● YOUR OBJECTIVE:
Every line below from the one with "Man stretching outdoors" through the one with "A wooden hammer, a" should be retyped exactly, both ends included; no other lines and no pictures.

----- SUPPLIED RECORDS -----

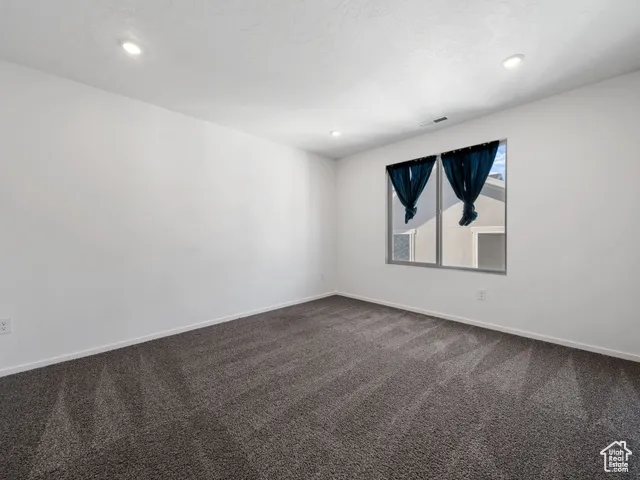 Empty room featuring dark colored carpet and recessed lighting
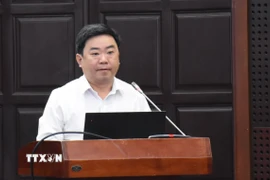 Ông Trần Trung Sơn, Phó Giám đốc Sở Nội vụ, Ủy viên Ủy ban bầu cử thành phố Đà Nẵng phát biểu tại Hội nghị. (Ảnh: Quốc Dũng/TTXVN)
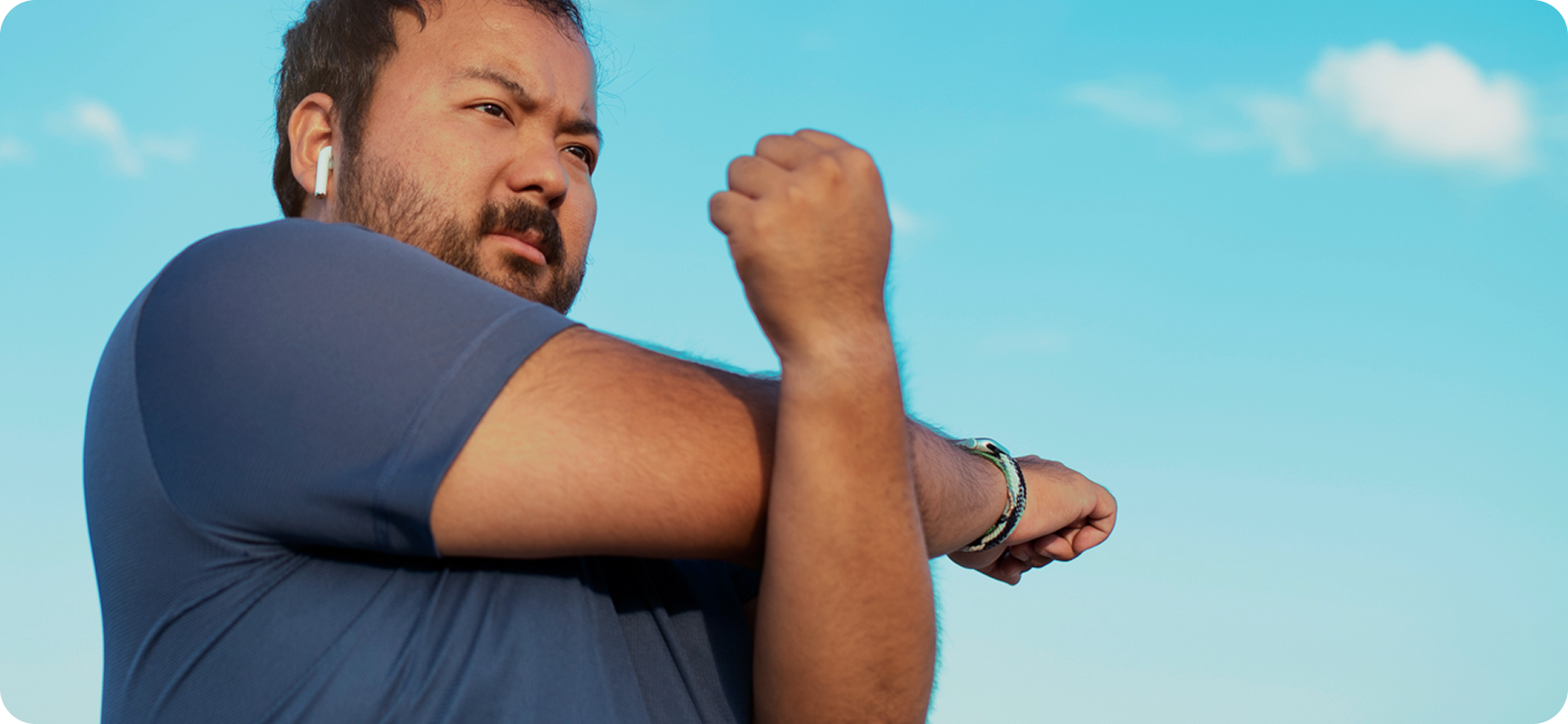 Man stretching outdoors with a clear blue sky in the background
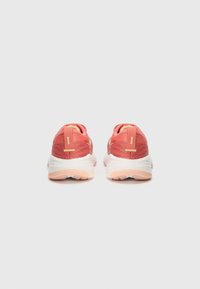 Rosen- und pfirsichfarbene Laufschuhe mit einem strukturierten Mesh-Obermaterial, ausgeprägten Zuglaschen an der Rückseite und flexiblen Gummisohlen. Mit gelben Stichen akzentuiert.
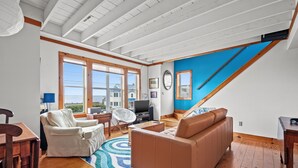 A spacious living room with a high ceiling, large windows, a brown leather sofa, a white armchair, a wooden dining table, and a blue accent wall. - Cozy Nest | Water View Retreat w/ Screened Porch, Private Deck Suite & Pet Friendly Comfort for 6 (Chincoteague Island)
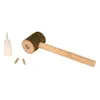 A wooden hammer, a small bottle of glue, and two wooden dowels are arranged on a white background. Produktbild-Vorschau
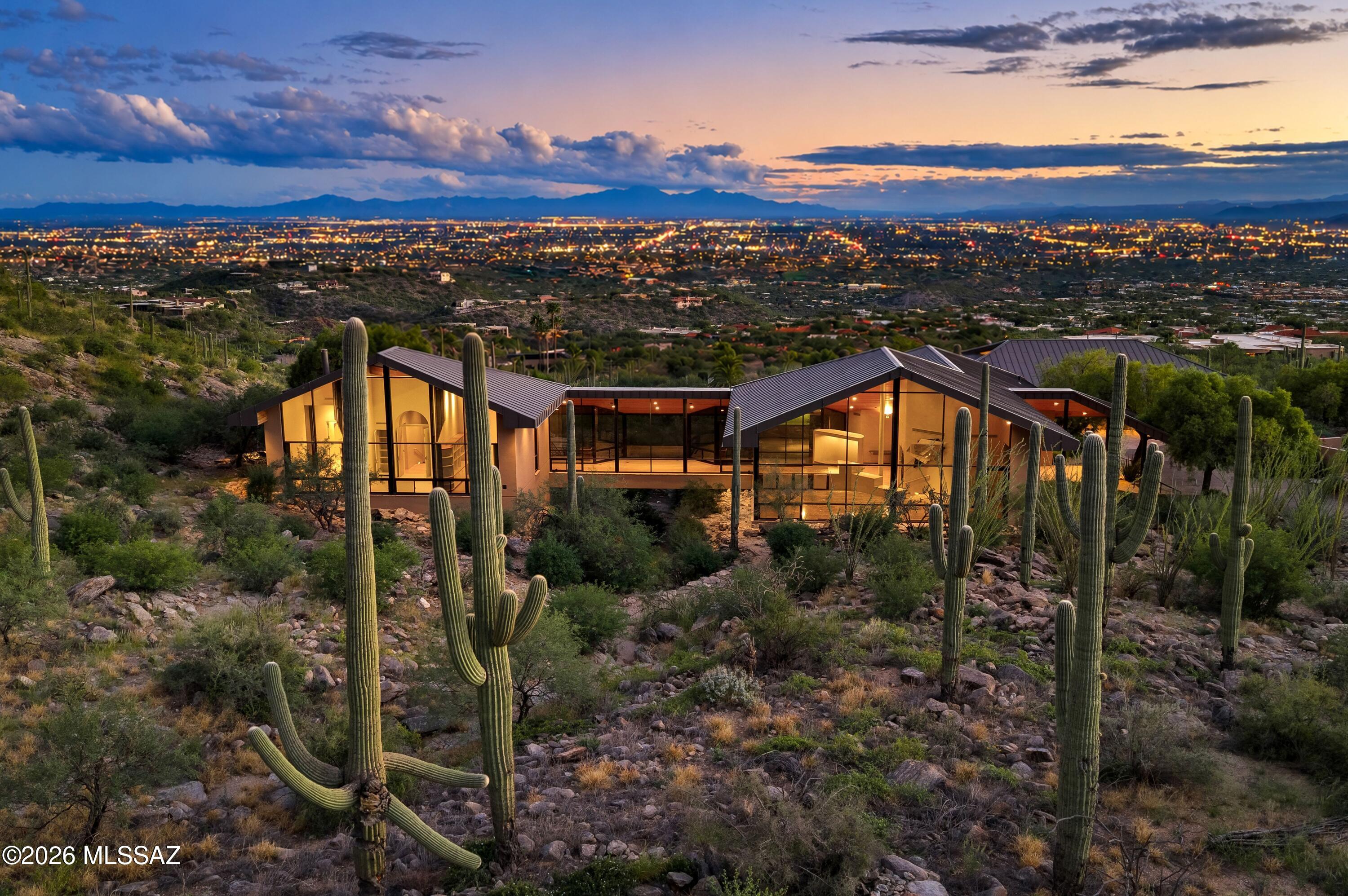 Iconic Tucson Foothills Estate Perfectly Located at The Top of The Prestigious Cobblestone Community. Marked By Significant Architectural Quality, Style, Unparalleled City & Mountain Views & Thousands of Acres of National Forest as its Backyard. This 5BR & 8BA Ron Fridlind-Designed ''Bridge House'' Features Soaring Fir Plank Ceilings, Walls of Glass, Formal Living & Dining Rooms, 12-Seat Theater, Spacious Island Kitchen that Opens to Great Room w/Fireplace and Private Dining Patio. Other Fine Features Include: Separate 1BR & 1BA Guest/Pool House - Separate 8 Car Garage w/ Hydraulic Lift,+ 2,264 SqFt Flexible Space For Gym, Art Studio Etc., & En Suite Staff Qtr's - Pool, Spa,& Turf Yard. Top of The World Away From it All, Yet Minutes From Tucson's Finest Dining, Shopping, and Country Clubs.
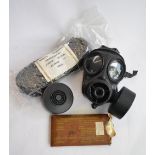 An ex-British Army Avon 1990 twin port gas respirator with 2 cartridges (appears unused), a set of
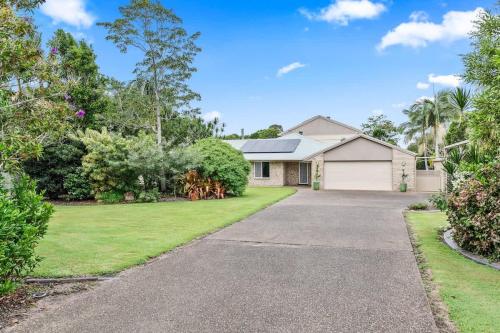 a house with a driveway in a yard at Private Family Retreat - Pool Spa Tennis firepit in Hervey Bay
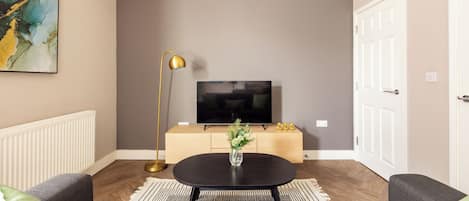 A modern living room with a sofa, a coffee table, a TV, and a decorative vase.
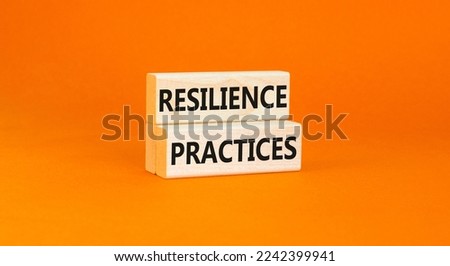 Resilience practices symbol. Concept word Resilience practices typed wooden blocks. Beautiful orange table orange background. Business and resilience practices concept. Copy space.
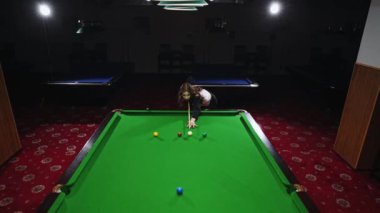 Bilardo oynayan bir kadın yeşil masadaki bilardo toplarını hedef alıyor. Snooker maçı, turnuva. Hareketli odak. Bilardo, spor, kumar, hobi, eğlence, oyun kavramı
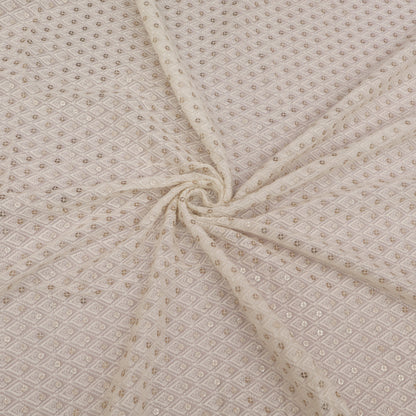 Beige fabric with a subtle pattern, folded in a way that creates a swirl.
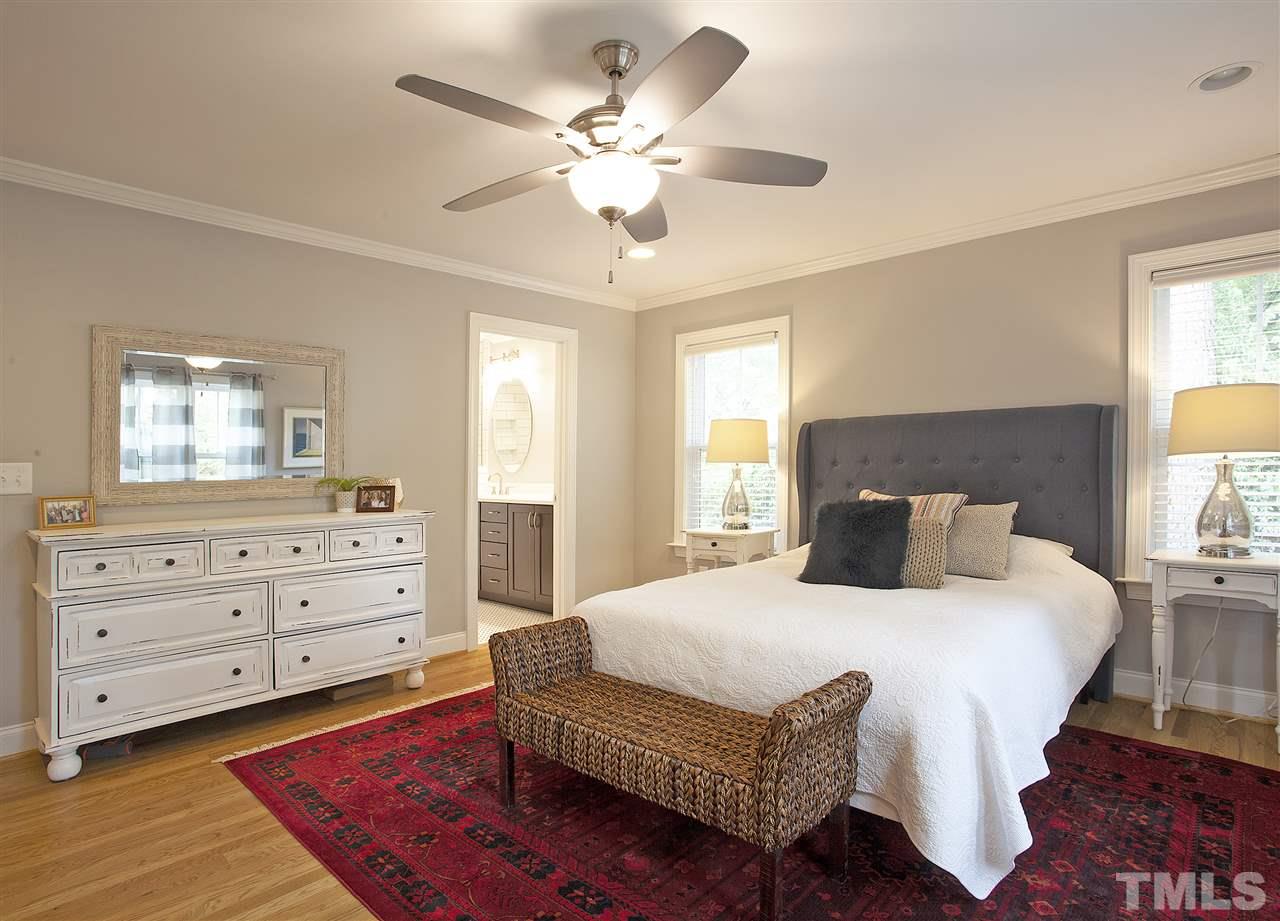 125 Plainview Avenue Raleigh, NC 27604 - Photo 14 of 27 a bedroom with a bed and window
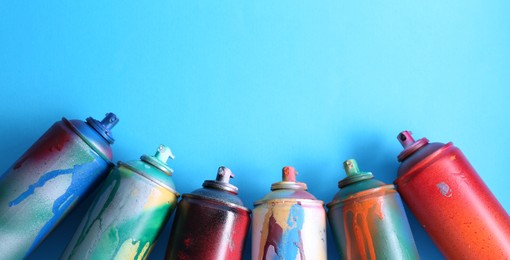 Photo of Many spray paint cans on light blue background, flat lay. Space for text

-----

● RESPONSE:
 Man stretching outdoors with a clear blue sky in the background
 Rosen- und pfirsichfarbene Laufschuhe mit einem strukturierten Mesh-Obermaterial, ausgeprägten Zuglaschen an der Rückseite und flexiblen Gummisohlen. Mit gelben Stichen akzentuiert.
 A spacious living room with a high ceiling, large windows, a brown leather sofa, a white armchair, a wooden dining table, and a blue accent wall. - Cozy Nest | Water View Retreat w/ Screened Porch, Private Deck Suite & Pet Friendly Comfort for 6 (Chincoteague Island)
 A wooden hammer, a small bottle of glue, and two wooden dowels are arranged on a white background. Produktbild-Vorschau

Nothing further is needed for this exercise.